Architetto e imprenditore, Saverio Dioguardi muore esattamente mezzo secolo fa, il 22 novembre 1962, pochi mesi prima della storica rivolta degli edili che per tre giorni sconvolse la la città. Sembra essere davvero il commiato del mondo di ieri la scomparsa della personalità che più fortemente ha inciso sulla cultura urbana del primo Novecento barese, imponendo standard di qualità sia nel disegno che nella produzione. Ma soprattutto innovando e costringendo la burocrazia e i regolamenti ad inseguire il suo lavoro. Dioguardi supera continuamente se stesso: dall’eclettismo di scuola mitteleuropea delle prime opere (da casa Dioguardi in via Crisanzio nel 1913 e palazzo Ferreri in corso Cavour nel 1917) al razionalismo della chiesa di San Ferdinando (1932) e addirittura al futurismo del Circolo canottieri Barion, l’anno successivo (ma erede di un eclettico progetto di ristorante Posillipo del 1930), fino al linguaggio convintamente funzionalista degli ultimi anni: si pensi al palazzo della Set (poi Sip, oggi sede della Banca popolare di Bari) in piazza Massari. Progetto, quest’ultimo, per il quale Saverio Dioguardi ingaggiò un estenuante braccio di ferro con la Soprintendenza ai Beni architettonici e con l’Ufficio tecnico comunale: rinunciò ad elevare una torre d’angolo, fu costretto ad attestare la vetta dell’edificio al di sotto del cornicione del palazzo della Prefettura, ma non rinnegò la volontà di imprimere con una interminabile finestra a nastro un segno di forte attualità in un contesto fragile come quello dell’affaccio di Bari vecchia sul quartiere murattiano, anzi nel luogo stesso in cui sorgeva l’antica porta della città murata, come provarono le tracce venute alla luce durante il cantiere. Il palazzo dei telefoni indicava il bisogno di pensare la città come organismo che genera la propria architettura, di demolirsi e ricostruirsi anche, ma a condizione di una progettazione di qualità, capace di prevalere sulla banale conservazione del vecchio.

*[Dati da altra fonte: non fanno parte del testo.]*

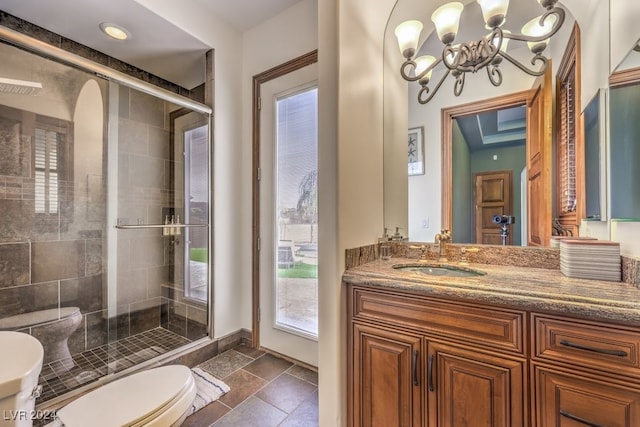 bathroom featuring vanity, an inviting chandelier, a shower with shower door, and toilet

In definitiva è questa visione urbana – la Stadtbaukunst di cui si nutrì negli anni della formazione – il tratto caratteristico e permanente della architettura di Dioguardi. Ne sono una testimonianza alcuni disegni in cui appaiono visioni di città con grattacieli. La sua lezione fu raccolta da una non numerosa pattuglia di architetti negli anni Sessanta e Settanta: Vittorio Chiaia e Vito Sangirardi, prima. E poi Pezzuto, Mangini, Cirielli, Ferrari. Oramai un altro universo, attraversato da nuove idee e innervato di nuovissime tecnologie, ma legato a doppio filo con il «padre nobile» della architettura barese: l’architetto che organizza in Puglia la prima, esemplare azienda integrata in cui progetto, produzione e commercializzazione trovano una sintesi organizzativa d’avanguardia.